What needs to be done: Copy the first line of the entries below and every line after it through the line containing "Sac à main mandala". Do not include pictures.

+++ Records for this task

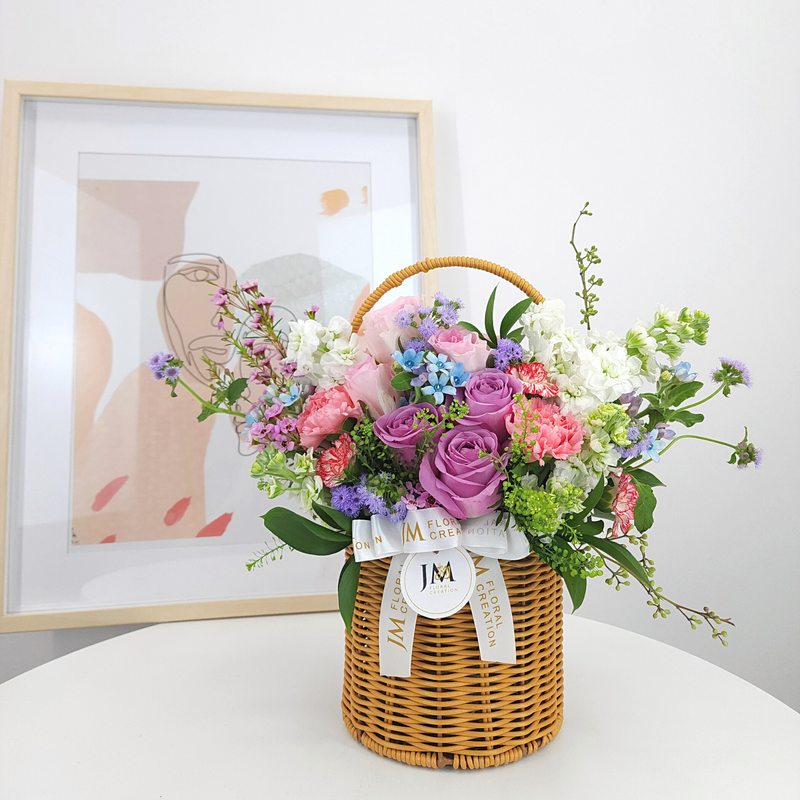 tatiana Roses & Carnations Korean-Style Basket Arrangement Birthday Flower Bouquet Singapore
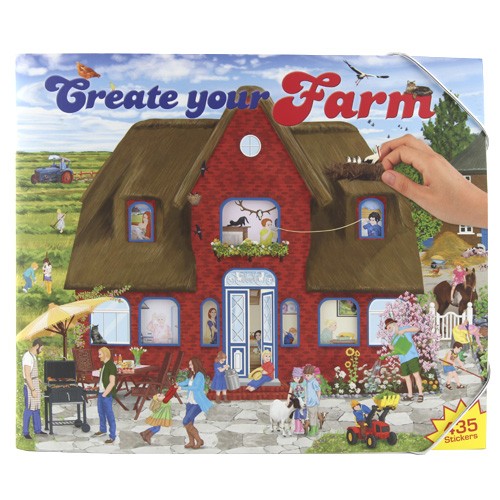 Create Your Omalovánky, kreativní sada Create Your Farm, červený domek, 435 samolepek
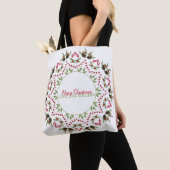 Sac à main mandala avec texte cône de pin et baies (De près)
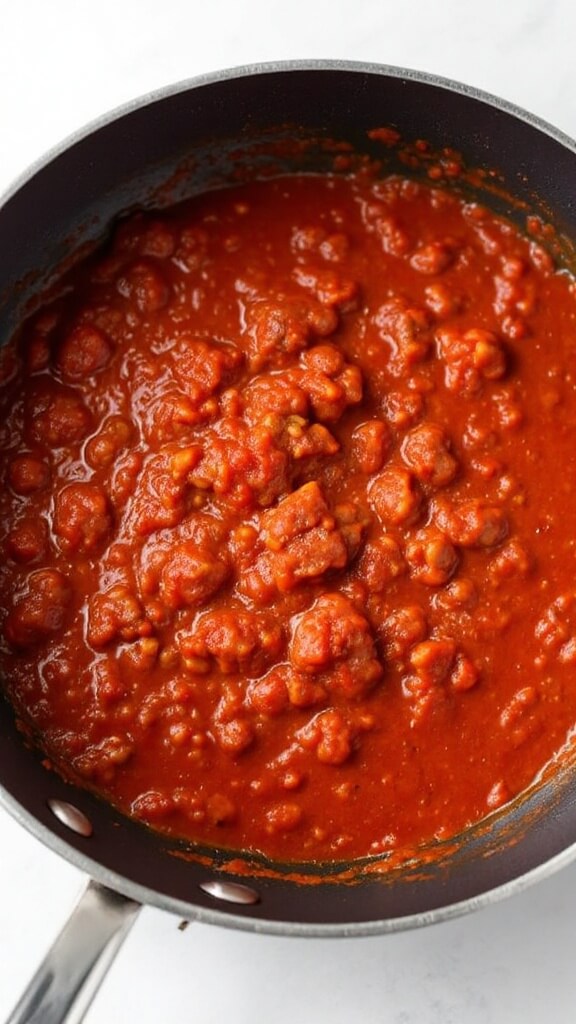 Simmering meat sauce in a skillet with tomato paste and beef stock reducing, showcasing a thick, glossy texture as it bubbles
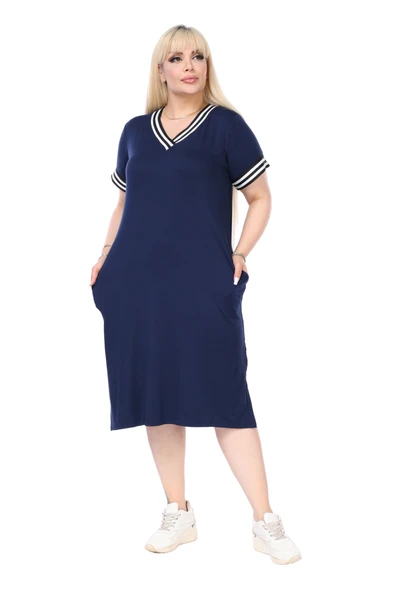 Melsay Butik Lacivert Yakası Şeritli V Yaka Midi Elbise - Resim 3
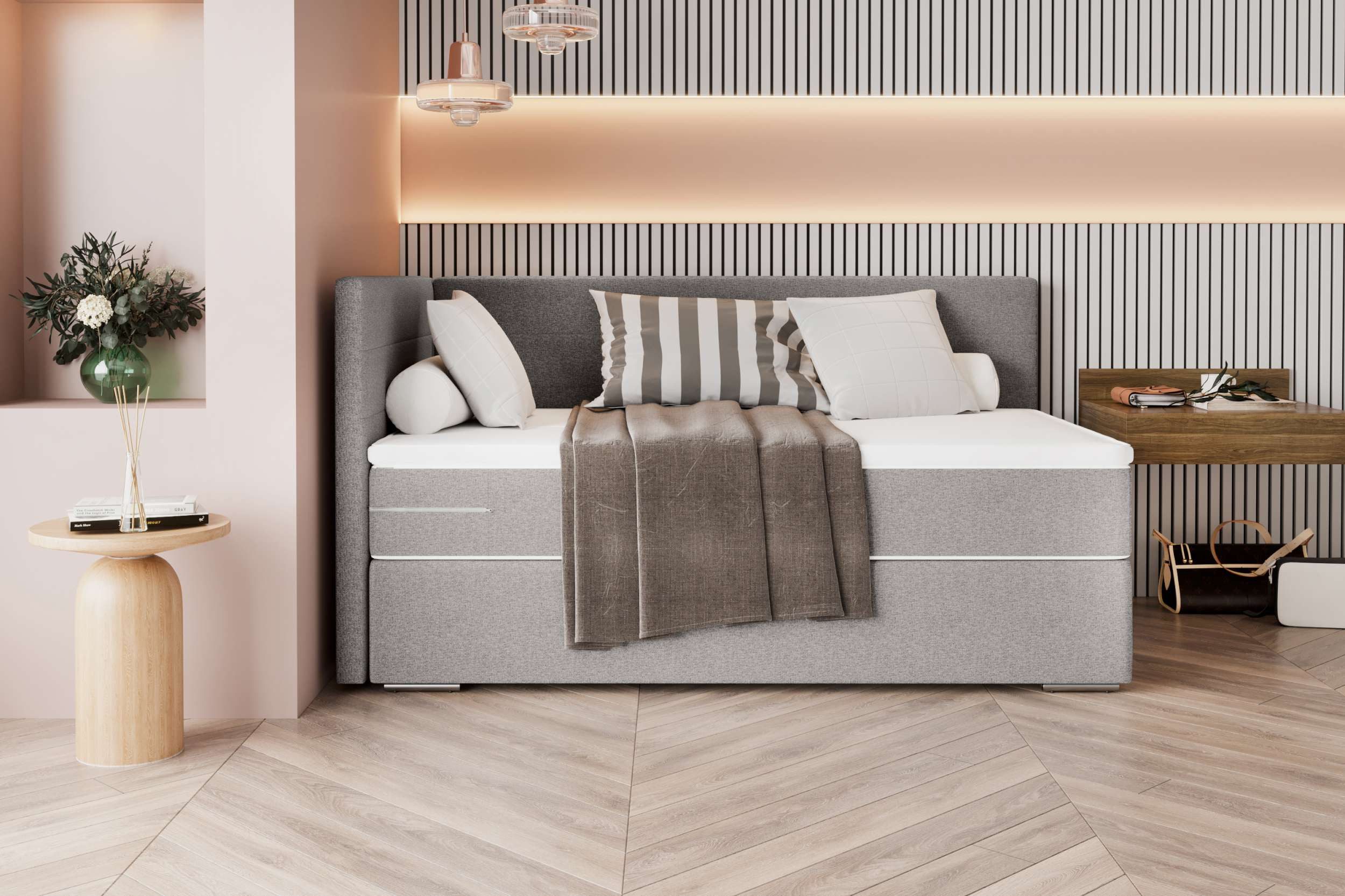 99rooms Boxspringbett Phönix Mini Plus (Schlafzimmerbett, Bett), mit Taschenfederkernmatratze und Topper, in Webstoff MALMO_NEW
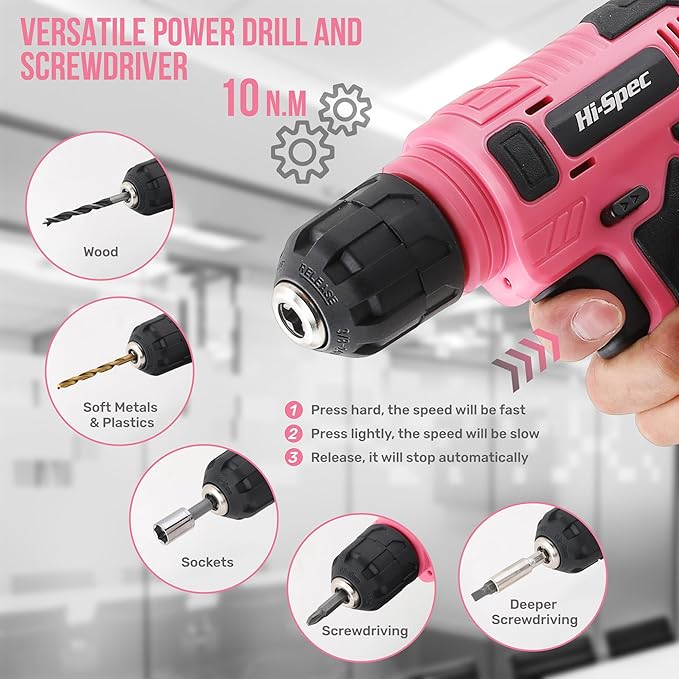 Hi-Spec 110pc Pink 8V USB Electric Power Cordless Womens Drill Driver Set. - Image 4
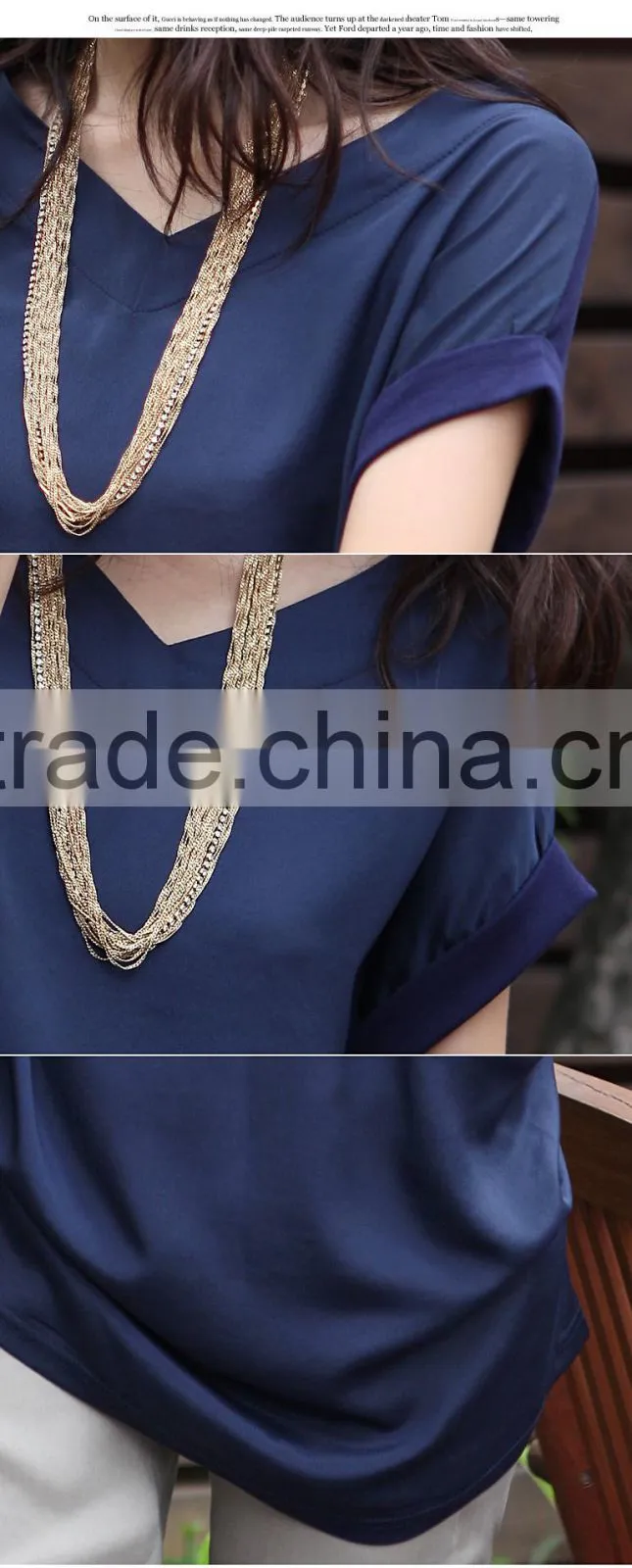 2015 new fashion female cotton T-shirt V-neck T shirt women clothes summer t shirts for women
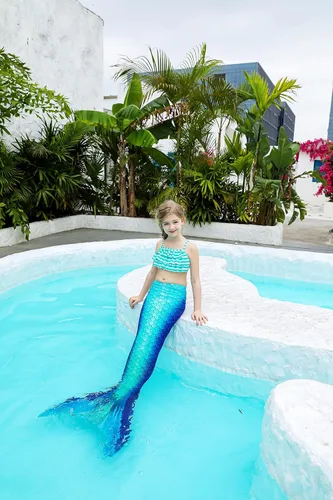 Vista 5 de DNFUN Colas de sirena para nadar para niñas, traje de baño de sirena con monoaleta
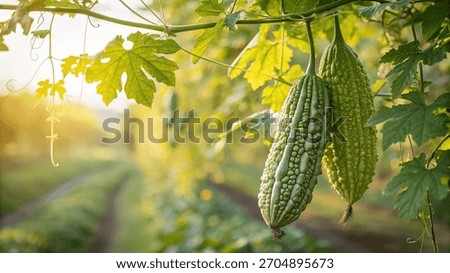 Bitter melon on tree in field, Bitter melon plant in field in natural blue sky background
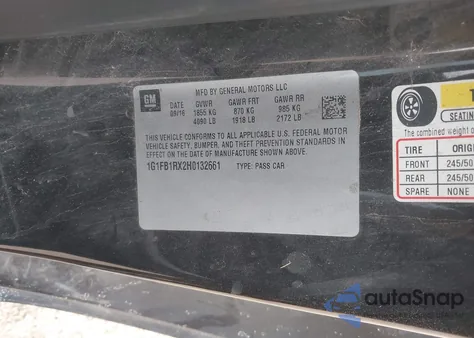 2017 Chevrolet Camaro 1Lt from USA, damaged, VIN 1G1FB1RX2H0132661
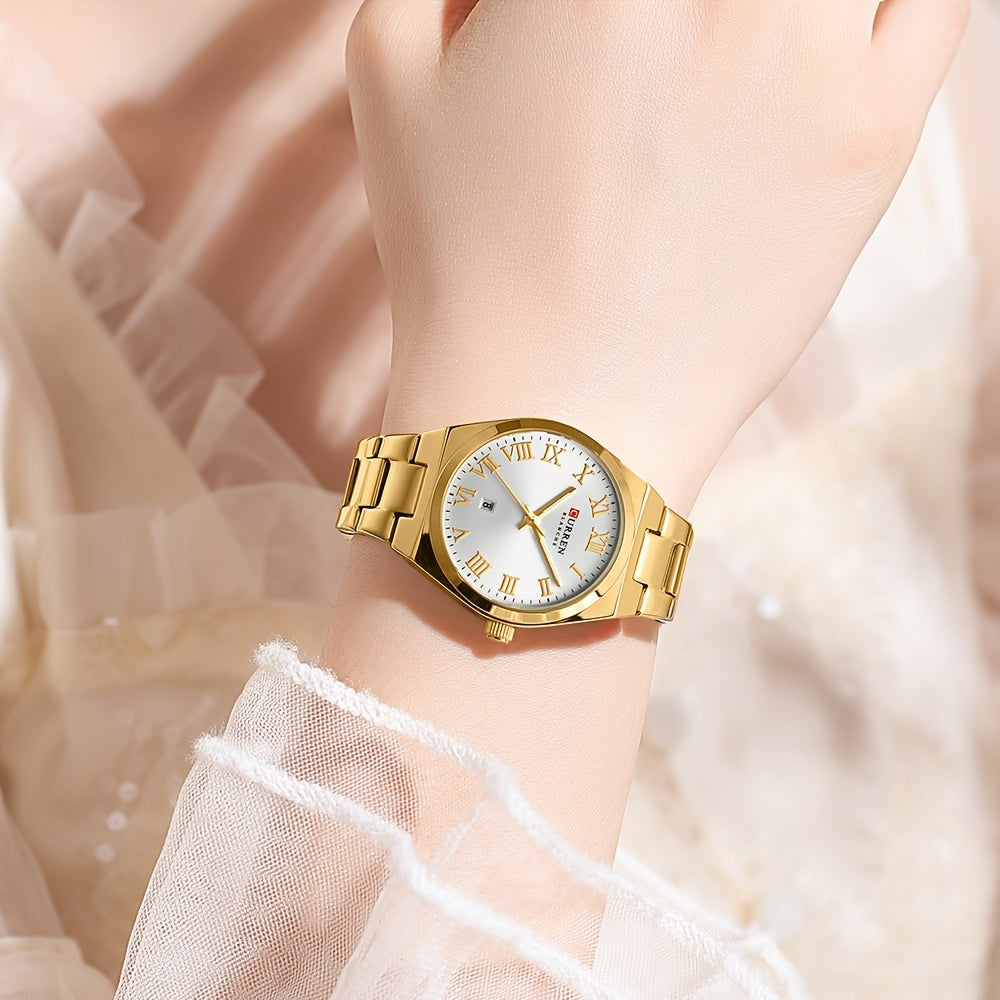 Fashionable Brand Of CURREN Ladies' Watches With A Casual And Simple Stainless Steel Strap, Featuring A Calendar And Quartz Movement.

++++++

Written reply:
 tatiana Roses & Carnations Korean-Style Basket Arrangement Birthday Flower Bouquet Singapore
 Create Your Omalovánky, kreativní sada Create Your Farm, červený domek, 435 samolepek
 Sac à main mandala avec texte cône de pin et baies (De près)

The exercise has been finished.